# Fischen Österreich/Tschechien Kurzurlaub



## nico02890 (1. März 2017)

Hi,
wir wollen am besten noch über Ostern dieses Jahres einen kleinen Männer Kurzurlaub zum Angeln machen. Leider haben nur 3 von 5 Personen eine gültigen DE Fischereischein. Wir suchen eine Unterkuft am besten Hütte/Ferienhaus wo wir möglichst unsere Ruhe haben (umso abgelegener umso besser) Und wir tagsüber Fischen können eben auch die Jungs ohne deutschen Schein. Wäre gut wenn das Gewässer  zumindest in der Nähe wäre oder halt am besten direkt am Wasser.
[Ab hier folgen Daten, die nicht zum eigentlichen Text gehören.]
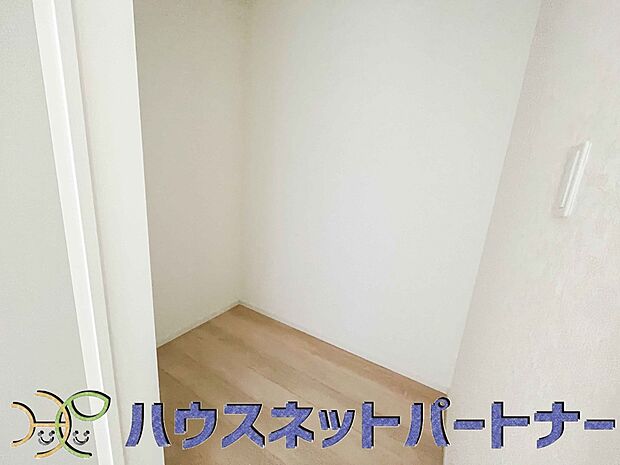 家族の小物って意外と増えていくので、収納が多いと助かります。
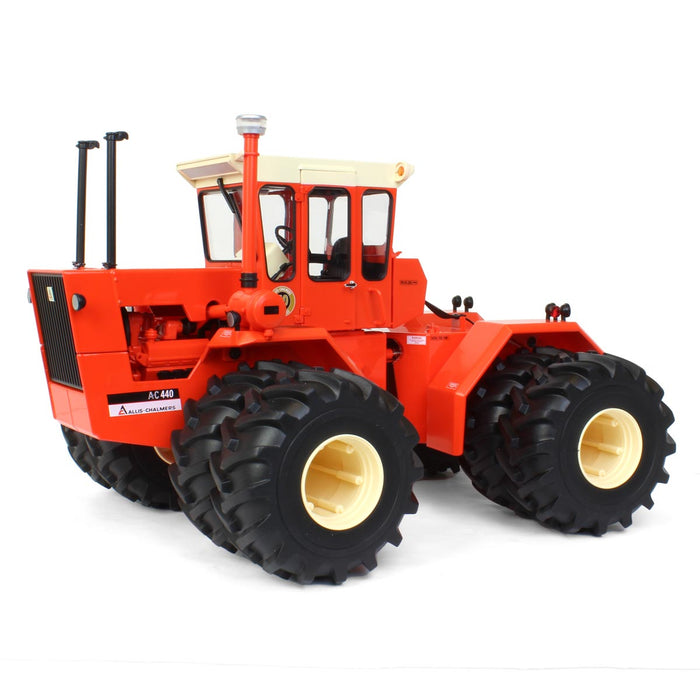 1/16 Limited Edition Allis Chalmers 440 4WD with Duals, ERTL Prestige Collection
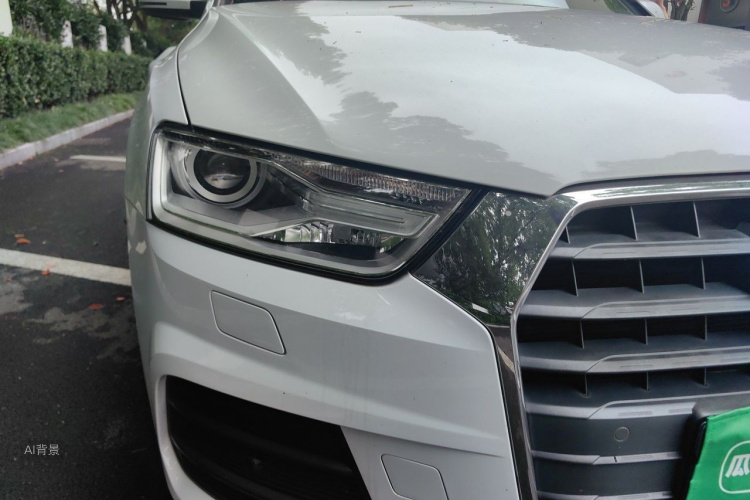 Audi Q3 2016 car image #8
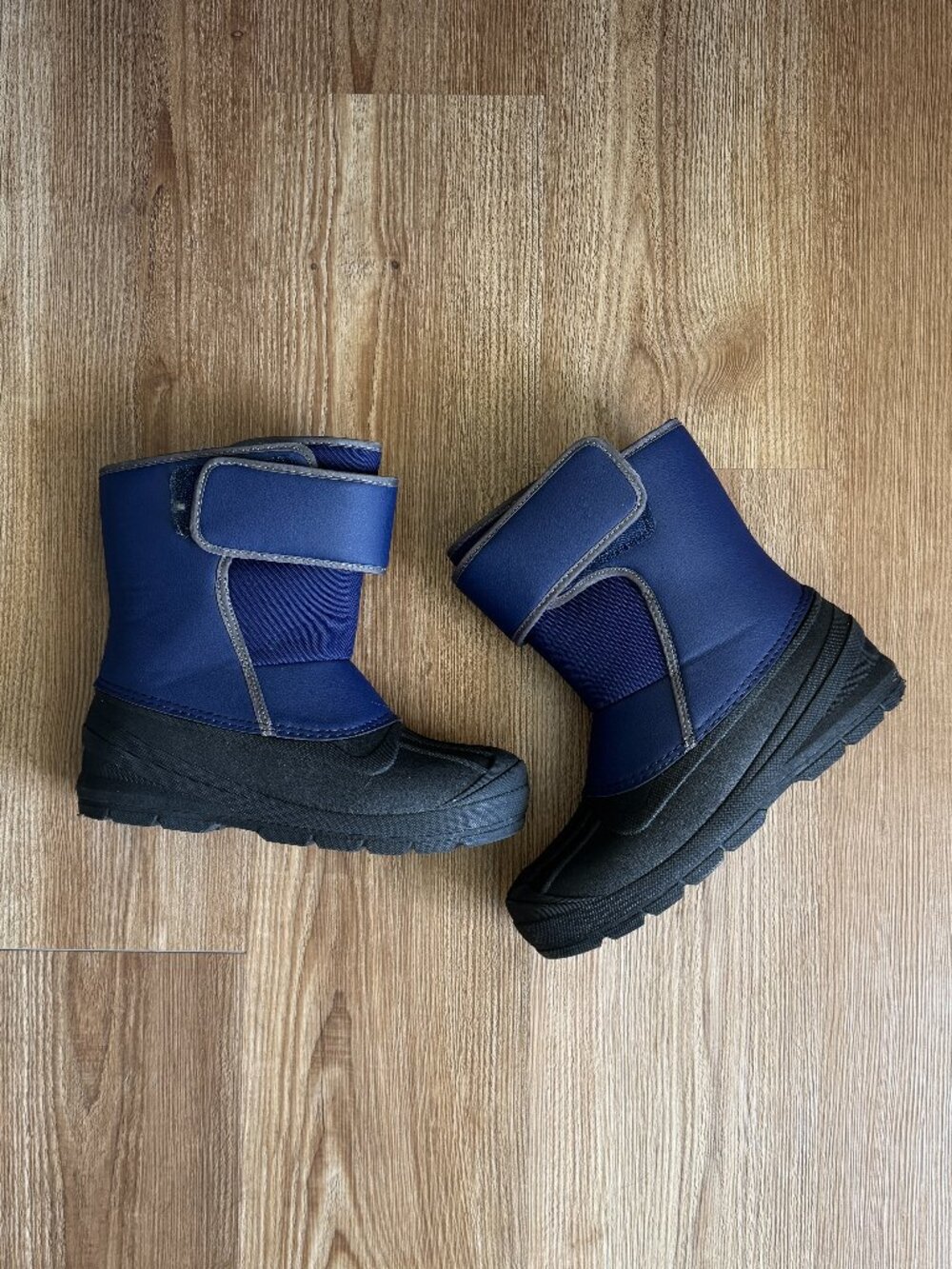 Cat & Jack Blue Black Kids Velcro Winter Snow Boots - 6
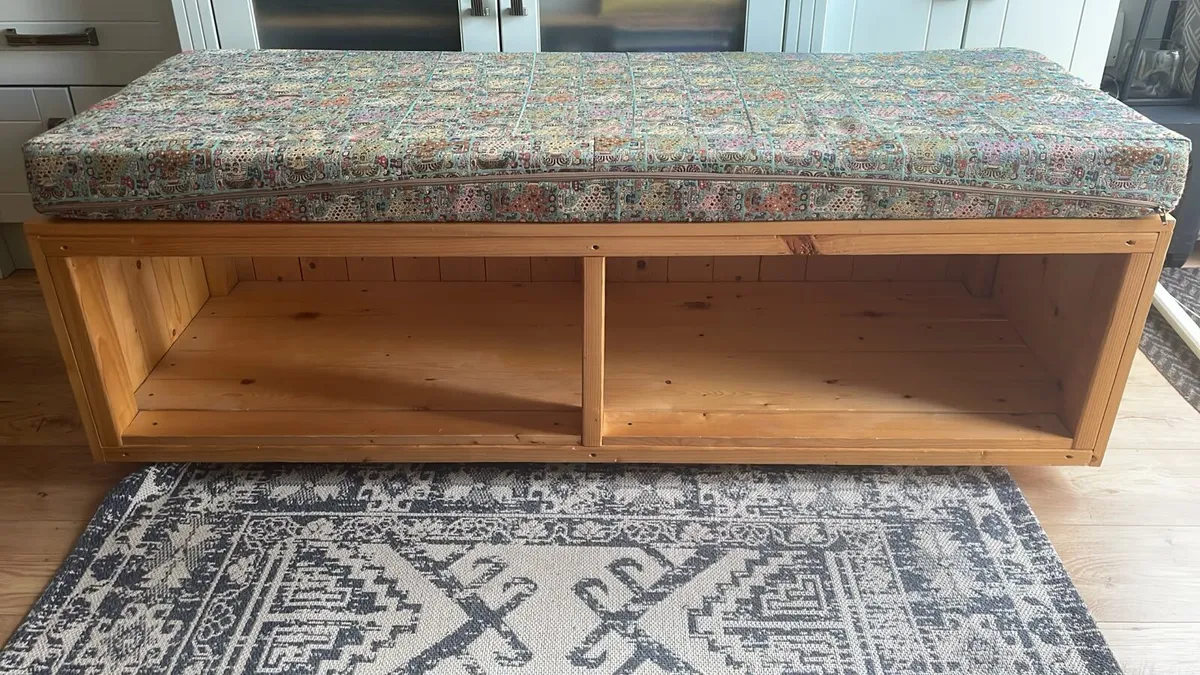 Bench with storage - Image 1
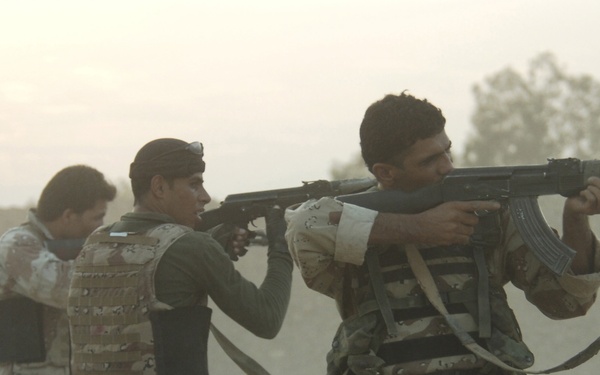 U.S. Special Operations Traing Iraqi Scouts in Advance Marksmanship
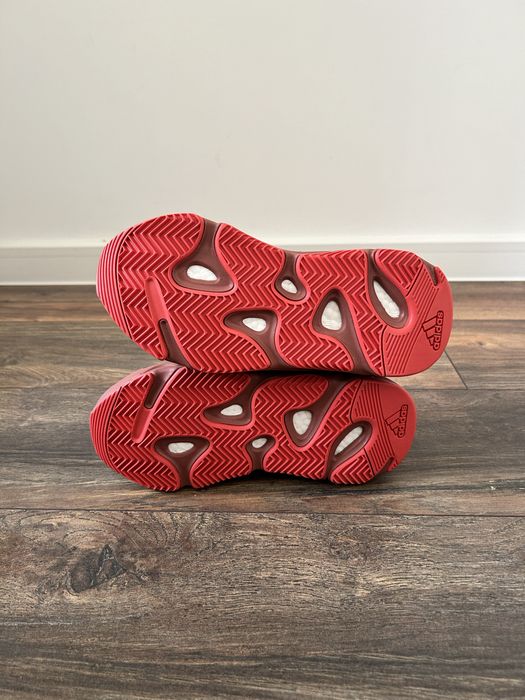 Adidas Yeezy 700 Boost HI-RES RED  37 1/3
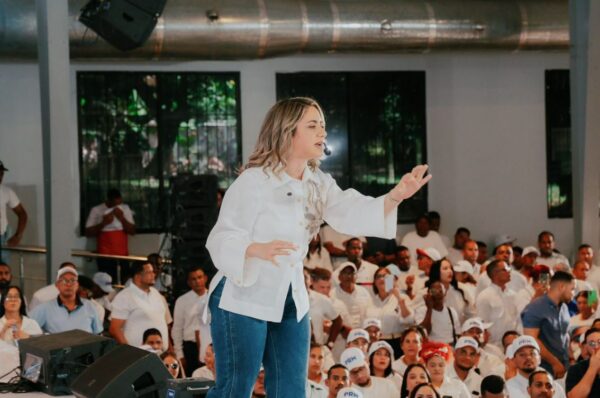 Gloria Reyes, ministra de la Mujer.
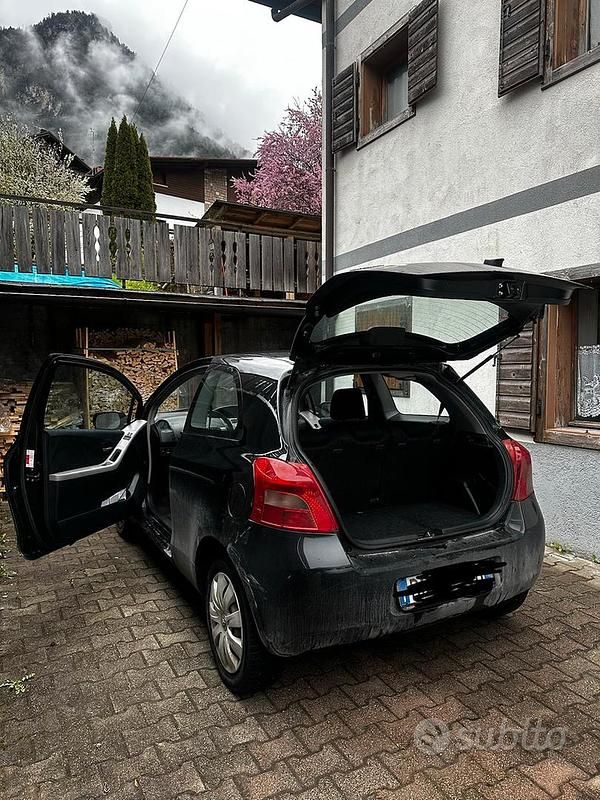 Usata Toyota Yaris 2008 Nero Utilitaria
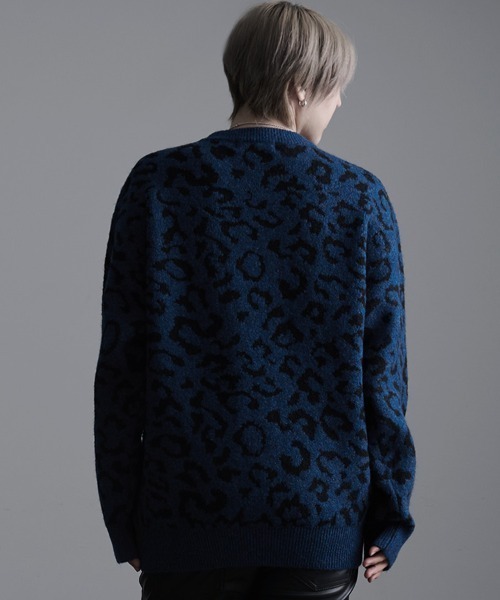 CavariA（キャバリア）の「『CavariA/キャバリア』ヒョウ柄ニットクルーネック（ニット/セーター・メンズ・グレー/ベージュ/ブルー・L/M）」の19枚目の写真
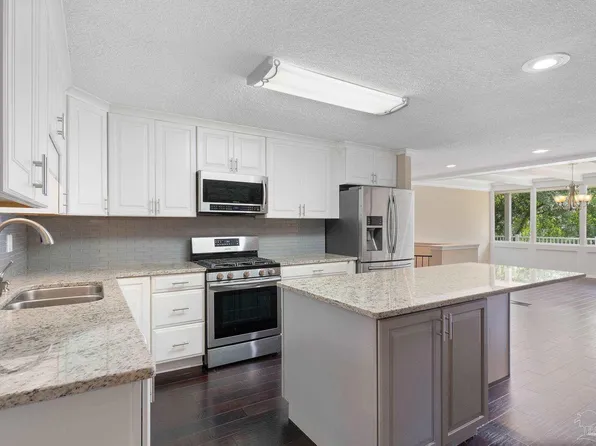 201 Shoreline Dr, Gulf Breeze, FL 32561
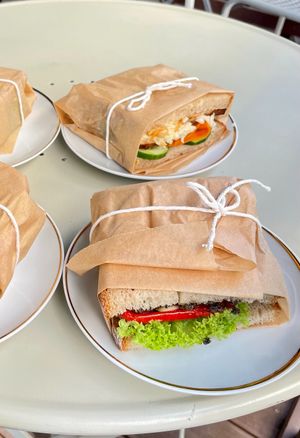 TAPENADA SANDWICH 19,-

tapenada/salad/red pepper/dried tomato/                                                                garlic-marinated zucchini 
 at Relax na Wilczej in Warsaw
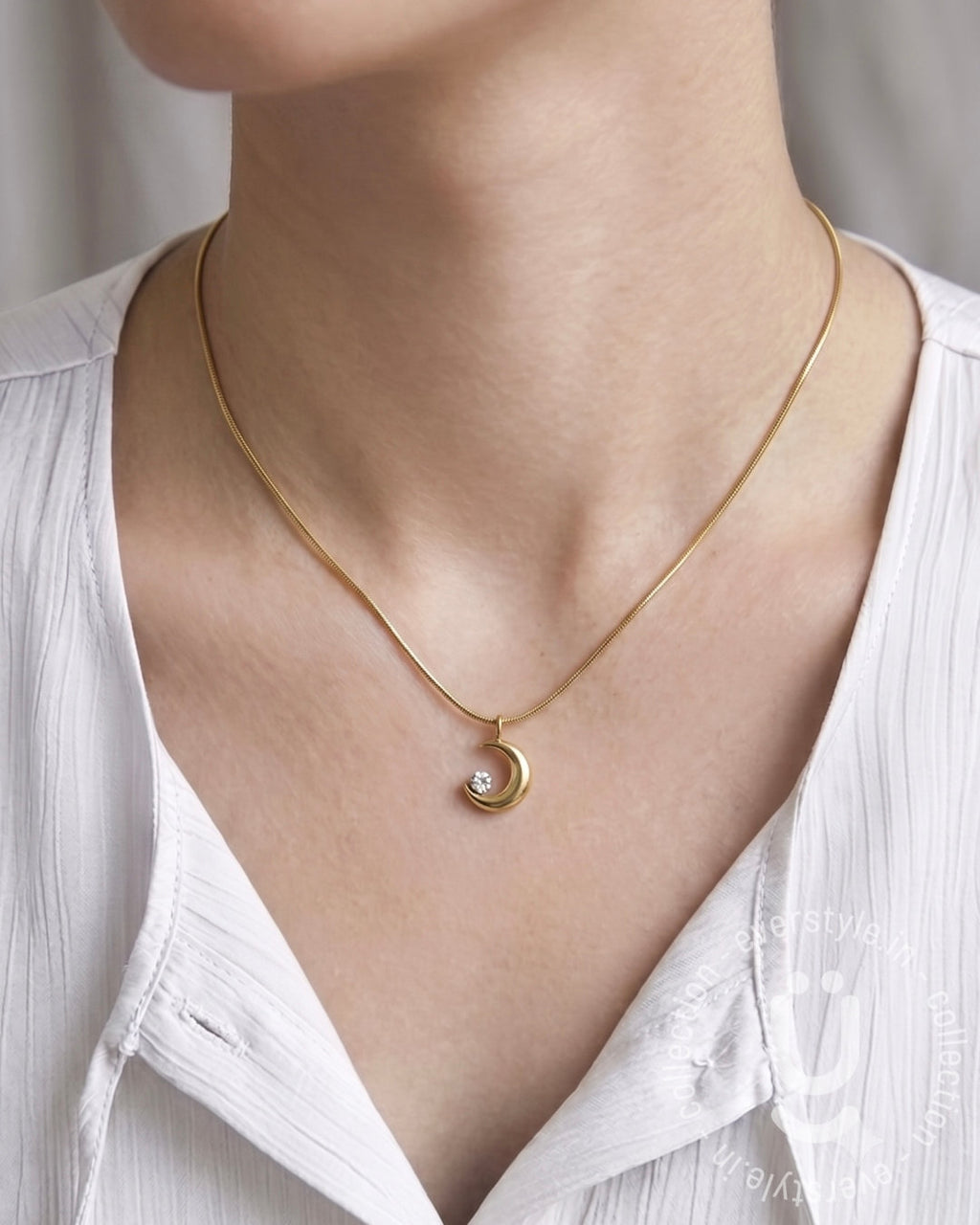 Anti-Tarnish Gold Half Moon Stone Pendant Necklace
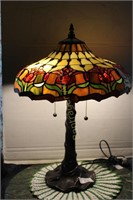 STAINED GLASS LAMP WITH POT METAL BASE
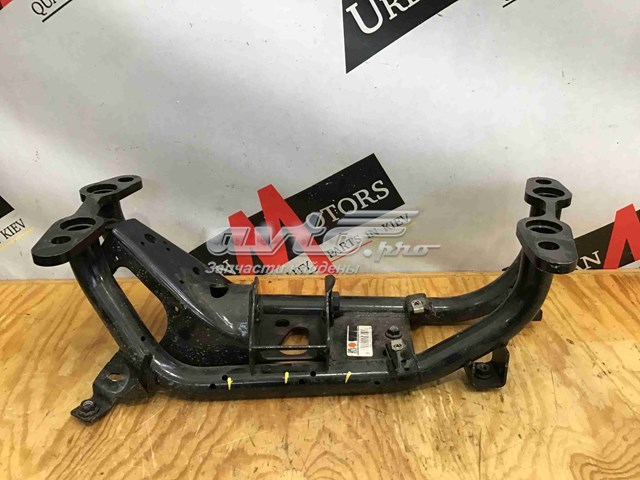 Балка кріплення коробки передач Land Rover LR113253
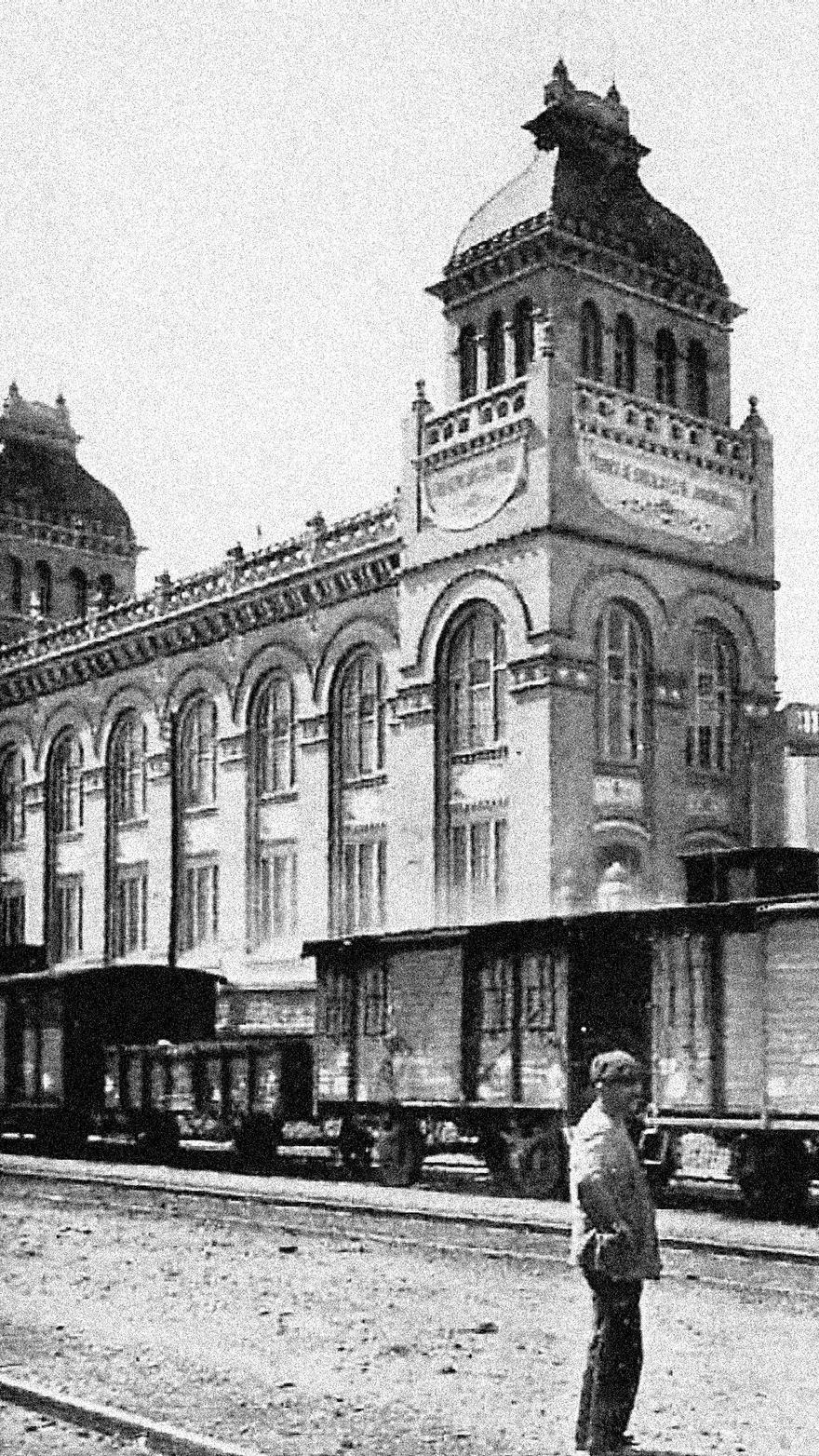 Fachada principal de la fábrica de chocolates de Joaquín Orús Abadía sita en el número 1 de la calle de Pamplona en 1919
Ich hab jetzt mal Tschechien/Österreich im Auge aber im Prinzip geht alles so ~6 Stunden Fahrzeit rund um München. (Anforderungen bezüglich Fischbestand sind nicht Hauptaugenmerk wäre aber schön wenns nicht ganz so Touriemässig/Forellenpuff ist und man wenigstens etwas seine Ruhe hat) Danke schon mal falls Jemand was weis/rausrückt  .
Grüße Nico


----------



## bigpit12 (2. März 2017)

*AW: Fischen Österreich/Tschechien Kurzurlaub*

Ist zwar nicht Östereich oder Tschechien, aber ich werfe mal das Bundesland Brandenburg in den Ring. Dort können auch Leute ohne Fischereischein die Rute auswerfen. Allerdings nur auf Friedfisch.. man holt sich den Friedfischschein, zahlt die Fischereiabgabe und die Angelkarte für das entsprechende Gewässer und los gehts. 
Und mit sechs Stunden sollte das Bundesland noch in eurem Umkreis sein. 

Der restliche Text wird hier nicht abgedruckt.